## Your objective
Each line below from the one containing "Poster - Adorable" through the one containing "Mann trägt blaue" should be output exactly as it stands, and no other line should appear.

## Provided information
◇ ◇ ◇ ◇
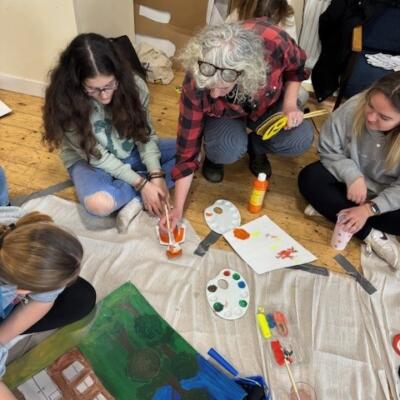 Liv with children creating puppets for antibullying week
◇ ◇ ◇ ◇
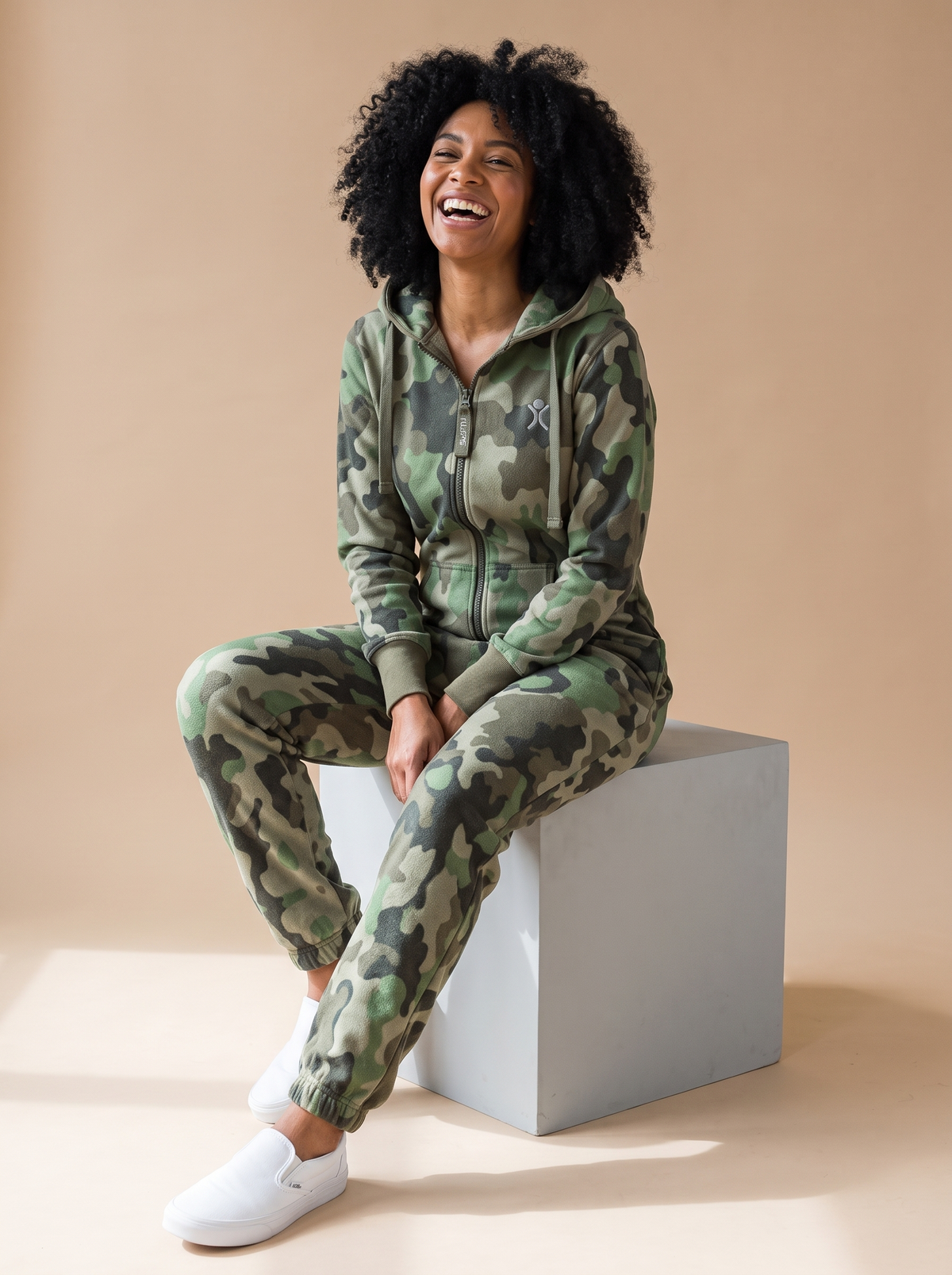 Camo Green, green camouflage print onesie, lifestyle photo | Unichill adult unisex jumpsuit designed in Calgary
◇ ◇ ◇ ◇
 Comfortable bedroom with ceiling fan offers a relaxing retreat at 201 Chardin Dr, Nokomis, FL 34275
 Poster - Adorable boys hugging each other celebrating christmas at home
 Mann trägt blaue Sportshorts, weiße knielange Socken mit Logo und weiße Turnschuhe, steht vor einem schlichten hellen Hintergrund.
◇ ◇ ◇ ◇
## Answer to this exercise
 Poster - Adorable boys hugging each other celebrating christmas at home
 Mann trägt blaue Sportshorts, weiße knielange Socken mit Logo und weiße Turnschuhe, steht vor einem schlichten hellen Hintergrund.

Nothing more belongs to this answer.